What was a moderately enjoyable evening could have been more than that if the conductor, Brad Cohen, had been more idiomatic and above all had got the orchestra to play passionately, rather than with Gallic refinement. In Giordano abandon is all, and sometimes it seemed as if we were being given a lesson in tastefulness.
I have no complaints at all about the musical side of Welsh National Opera’s Mazepa, which I saw in the elegant comfort of Birmingham’s Hippodrome Theatre, recommended for anyone who wants a refuge from oppressive heat. Mazepa, which is not one of Tchaikovsky’s masterworks, but well repays the occasional airing, was sung in excellent Russian by an international cast, the two female roles being taken by native speakers, the male roles not. The conductor is Alexander Polianichko, a dynamic and effective figure, under whom the orchestra played with demonic intensity. Both the overlong overture and the stormy, battle-depicting prelude to Act III were sensational in articulation and violence — I’d love to hear Polianichko take on Fedora — while making it clear that this is not vintage Tchaikovsky. One contemplates this excited music without becoming involved with it, which is just the opposite of the Tchaikovsky we all love.
The work — a long one — is in six scenes, with no straightforward narrative structure, something that seems not to have interested the composer. This is lyrical epic, Ukrainians in revolt against Peter the Great, though of course as with all the Russian epic operas he couldn’t be depicted. The title figure is one towards whom Tchaikovsky seems to have felt an odd ambivalence. He is responsible for the torture and death of the other main male, Kochubei, who is understandably uneasy about Mazepa’s love for his daughter Mariya, an adolescent (she returns his love), and has betrayed Mazepa to the Tsar. At the end of the opera Mazepa wanders off, with no indicated future, leaving Mariya, who has gone mad, after he has disposed of the young tenor who is in love with her.
Trait-spotters will have noted that Mariya and Mazepa sound pretty similar to Tatyana and Gremin in Eugen Onegin, and it seems that Tchaikovsky did warm to generations gaps between lovers.
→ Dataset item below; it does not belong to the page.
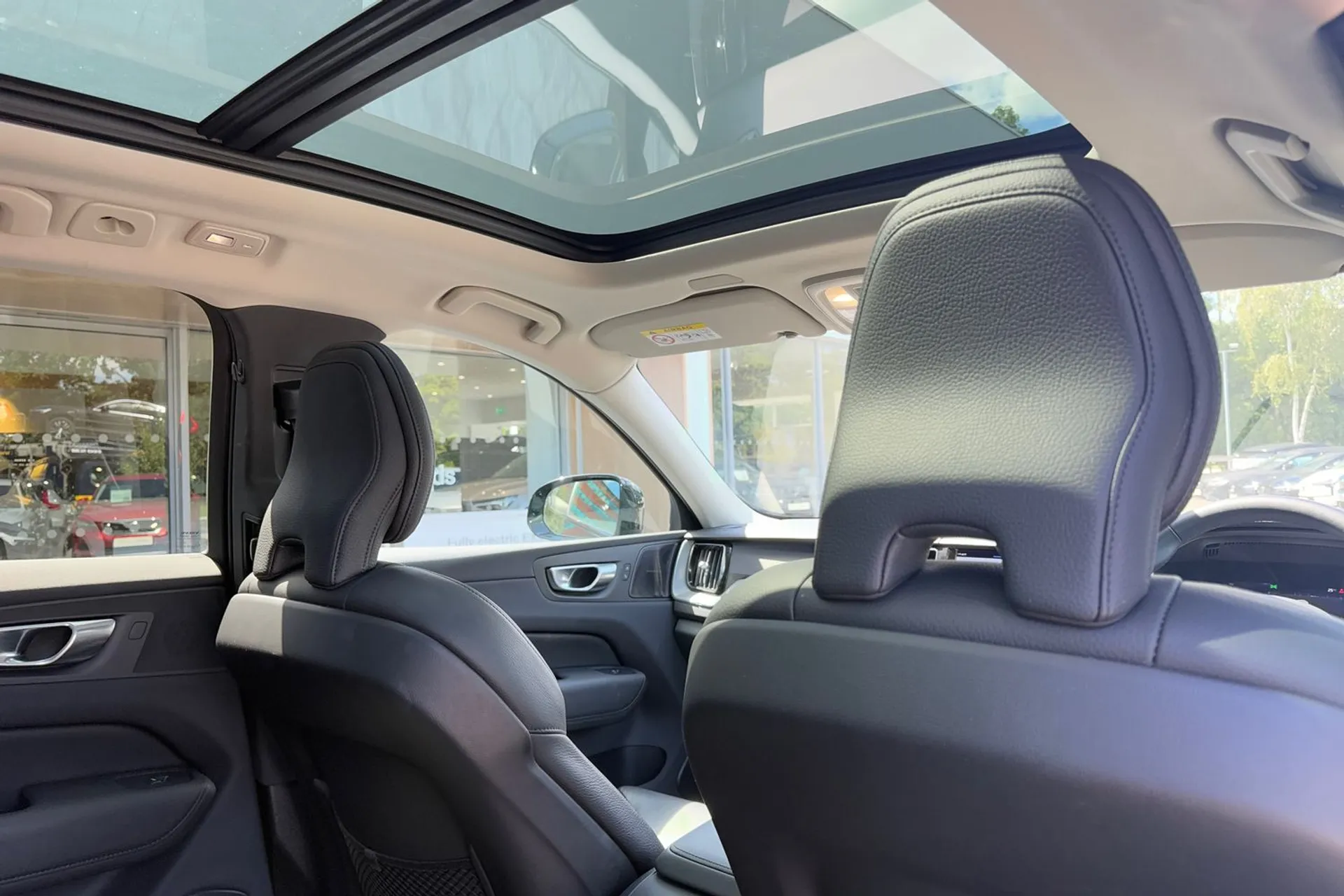 Volvo XC60 thumbnail image number 23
But in Mazepa he failed to get completely inside any of the characters with the exception of Mariya, who emerges as one of his most sympathetic creations. Fortunately Tatiana Monogarova, who takes the part in this production, is a quite marvellous singer, and in the opening scene the most convincingly girlish actress I’ve seen for a long time. Excitement, anticipation, impatience, were perfectly realised in this otherwise prolix scene. As the going got tough, she went on singing just as beautifully and passionately, but her acting became Russian-stereotyped, and her mad scene was mainly flapping limp wrists, though if you closed your eyes it was extremely moving.
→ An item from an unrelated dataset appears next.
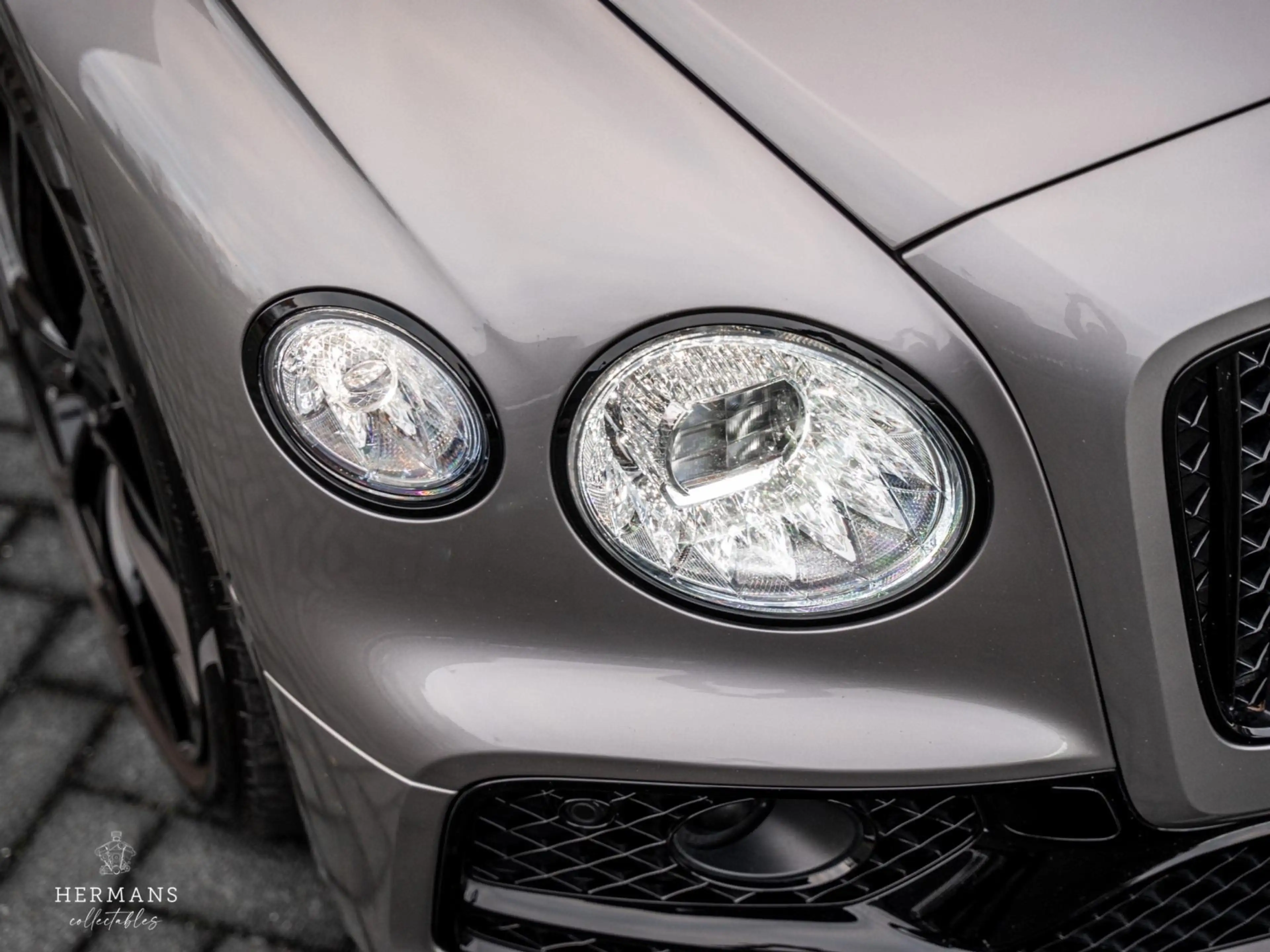 Bentley Flying Spur 6.0 W12 Mulliner / Massage / Black Line / Rotating — photo 11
The other woman, her mother Lyubov, taken by Marianna Tarasova, was sung just as well and was a fine acting performance, too, so it is possible to break the mould. The men suffer from disfiguring hair-dos, but Robert Hayward is a towering Mazepa, his voice in bigger and better shape than I have ever heard it. Gidon Saks, always thrilling, is a mountainous but finally poignant Kochubei, and in Hugh Smith, the ineffectual Andrei, WNO have a tenor they mustn’t let go of.
The pair Caurier and Leiser produce it — set sometime in the last 50 years, so vaguely ‘relevant’. This is very much one of those shows, to which they are increasingly inclined, where they let the singers do their own thing, which in this case was quite often all right, but they could and should have pulled it together more. There is too much scenery and it takes too long to move, without, in the last scene, looking faintly convincing. Even so, this is very much worth a visit.